_RECORDS SUPPLIED_.

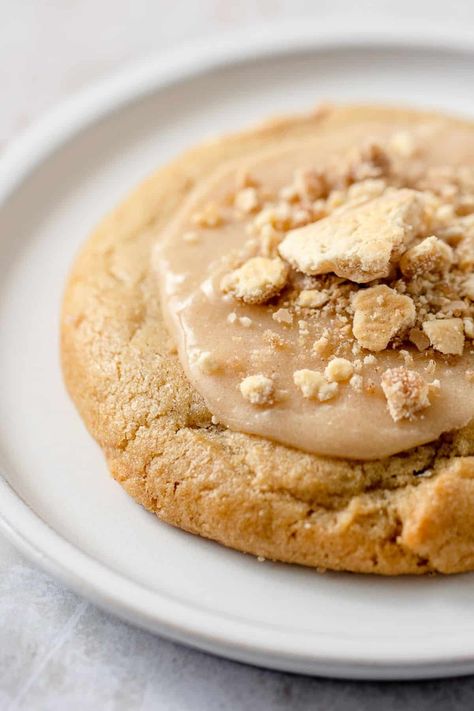 This list is a roundup of the best Crumbl Cookies for Breakfast Lovers! Whether you dig cereal, pancakes, waffles, doughnuts, or even bagels for breakfast, Crumbl has a cookie for you! Check out this list of breakfast-themed favorites like Crumbl's Cinnamon Roll Cookie, Maple Bacon Cookie, Buttermilk Pancake Cookie, and so many more! Maple Bacon Cookie, Maple Bacon Cookies, Pancake Cookie, Cereal Pancakes, Crumbl Copycat, Bacon Cookies, Cookies For Breakfast, Buttermilk Pancake, Buttermilk Waffles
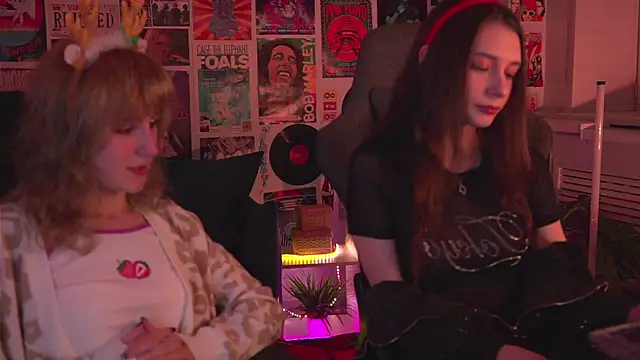 Snapshot of LuxRayi chatting on 25, 12, 2024 LuxRayi online show from 25, 12, 2024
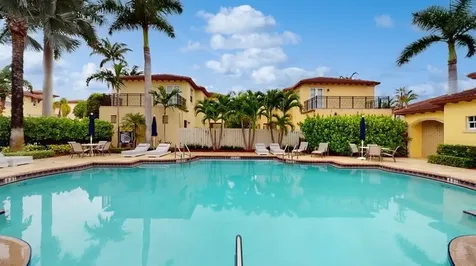 20 Via Floresta Drive Boca Raton FL 33487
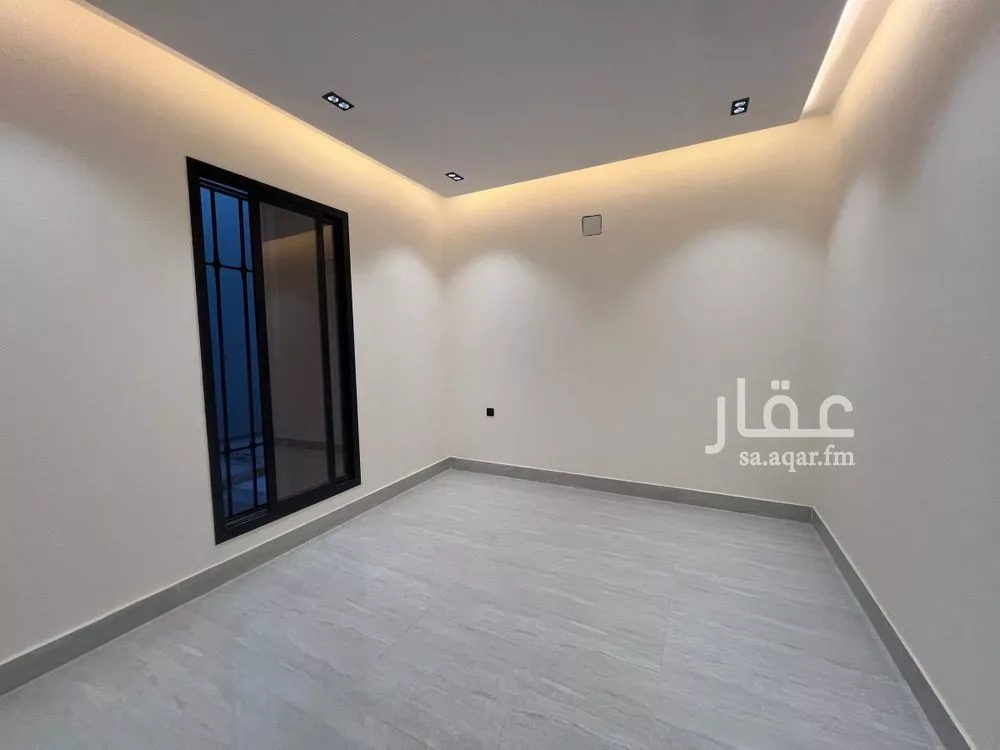دور للبيع في شارع الطيب الساسي, حي الرمال, مدينة الرياض, منطقة الرياض 1 صورة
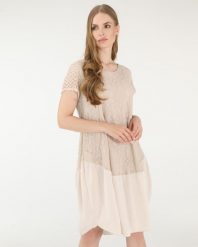 Sukienka z koronką. Sukienki Unisono, l, w ażurowe wzory, z koronki, bez kołnierzyka, bez ramiączek, mini. Za 149.00 zł.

_INSTRUCTIONS TO FOLLOW_. Retype the whole listing exactly and leave the pictures out.

_ANSWER TO THIS EXERCISE_.
 This list is a roundup of the best Crumbl Cookies for Breakfast Lovers! Whether you dig cereal, pancakes, waffles, doughnuts, or even bagels for breakfast, Crumbl has a cookie for you! Check out this list of breakfast-themed favorites like Crumbl's Cinnamon Roll Cookie, Maple Bacon Cookie, Buttermilk Pancake Cookie, and so many more! Maple Bacon Cookie, Maple Bacon Cookies, Pancake Cookie, Cereal Pancakes, Crumbl Copycat, Bacon Cookies, Cookies For Breakfast, Buttermilk Pancake, Buttermilk Waffles
 Snapshot of LuxRayi chatting on 25, 12, 2024 LuxRayi online show from 25, 12, 2024
 20 Via Floresta Drive Boca Raton FL 33487
دور للبيع في شارع الطيب الساسي, حي الرمال, مدينة الرياض, منطقة الرياض 1 صورة
 Sukienka z koronką. Sukienki Unisono, l, w ażurowe wzory, z koronki, bez kołnierzyka, bez ramiączek, mini. Za 149.00 zł.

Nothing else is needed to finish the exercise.